Clearly, it remains insufficient for the advances achieved in the treatment studies for malignant gliomas as they rapidly develop resistance. As we enter the era of targeted therapy and personalized medicine, the development of biomarkers to help select the most appropriate patient population for a specific therapy is key. Rigorous preclinical testing is needed to identify combinations of drugs and targets that are most likely to be effective and tolerated. Although the initial results for HGF/MET signaling-targeted therapies seem disappointing, molecular targeted therapeutic agents hold tremendous promise. Therefore, it is expected that a further understanding of drug modifications, the selection of targeted sites, the tumor immune microenvironment, the complex network of interactions between different tumor cell populations, and the penetration of proper drugs across the BBB will provide us with more thorough insights to find more effective treatment strategies. We should remain optimistic that the ultimate goal of identifying targeted molecular therapies with robust anti-tumor efficacy will be realized for gliomas as it has been for lung cancer and leukemia.

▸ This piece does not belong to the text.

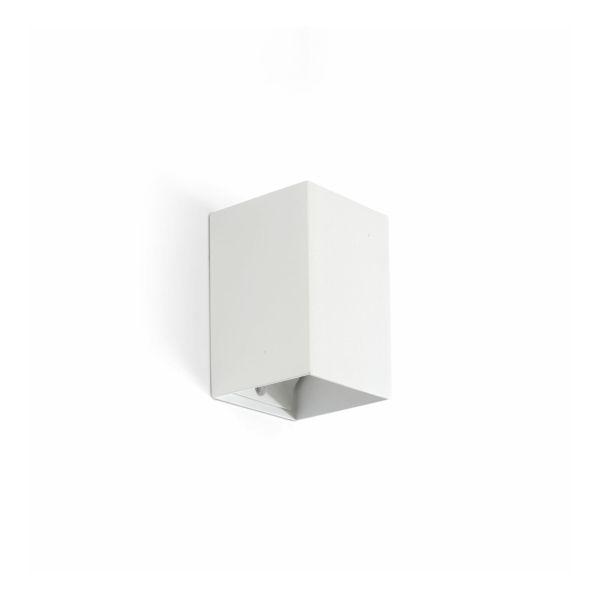 Lampa ścienna Faro 40530 Lune Smooth White Square Wall Light 1xgu10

This review describes the role of MET signaling in gliomas, among which glioblastoma presents a major challenge with limited treatment options and poor prognosis. MET and its ligand hepatocyte growth factor (HGF) play a critical role in the proliferation, survival, migration, invasion, angiogenesis, stem cell characteristics, and therapeutic resistance and recurrence of glioblastomas. The progress made in understanding of MET signaling in glioma and advances in therapies targeting HGF/MET molecules for glioma patients in recent 30 years were highlighted, in addition to studies on the expression and mutation status of MET. Our review makes a significant contribution to the latest concepts related to MET signaling and targeted therapies for glioma, as combined targeted therapy for this pathway and associated molecules remains an attractive strategy for the treatment of this disease.